Turning from contexts to identities, “Multidimensional Diversity and Research Impact in Political Science: What 50 Years of Bibliometric Data Tell Us” assesses disparities in the production, reproduction, and evaluation of disciplinary knowledge, as well as how they vary by authors’ intersectional identities. Carrying out multivariate regression models on a dataset of more than 200,000 research articles from 1970 to 2020, Yuner Zhu and Edmund W. Cheng examine publication gaps (the degree to which articles authored by historically excluded scholars are disproportionately sorted into lower-tier journals); within-journal citation gaps (the disparity in citation counts between historically excluded authors and their majority counterparts when their works are published in the same journals); and evaluation gaps (the degree to which minority-concentrated topics receive fewer citations than majority-concentrated topics). Results point positively to political science’s increasing diversification but also highlight continued inequalities that are more subtle because they entail covert forms of devaluation. This reflection essay illustrates the value of a disaggregated approach to assessing gender, racial/ethnic, and geographic inequalities across the discipline, encouraging ongoing nuance on these questions.

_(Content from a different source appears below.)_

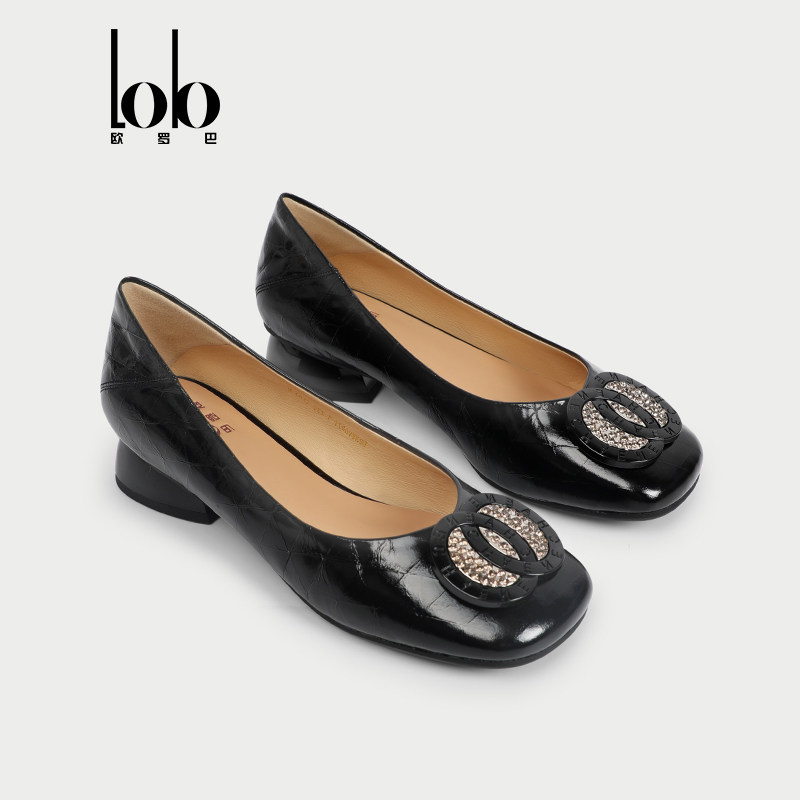 欧罗巴黑色牛皮浅口单鞋女法式复古圆头一脚蹬小皮鞋2022年秋新款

Finally, “‘Like Us, but Not Quite Us’: Researching Gender Politics in Autocratic Contexts” delves into the specific ways in which researchers’ identities interact with their subject matter to influence the very process of doing research. Nermin Allam argues that, in hypermasculinized, patriarchal, and oppressive regimes, feminist researchers carrying out fieldwork face ethical dilemmas, logistical challenges, and difficult epistemological questions. Seven semi-structured interviews with feminist political scientists who were born and raised in the Middle East or North Africa but are now based at Western academic institutions examine the impact of authoritarianism, patriarchy, and researchers’ own insider/outsider positionality upon the research process and the knowledge to which it gives rise. Allam’s analysis finds that researching gender politics is a contentious topic that puts researchers on the radar of the state; for scholars from the region, the issue is compounded by the fact that regimes in their country of origin sometimes view them as traitors tarnishing the image of the government. Within the broader society, furthermore, the politics of representation and gendered restrictions on researchers’ mobility within the field can impose other limitations and expectations on female scholars. The article expands our understanding of the interplay between identity politics, fieldwork practices, and knowledge production, providing direction for the exploration of these dynamics in other complex political and social settings.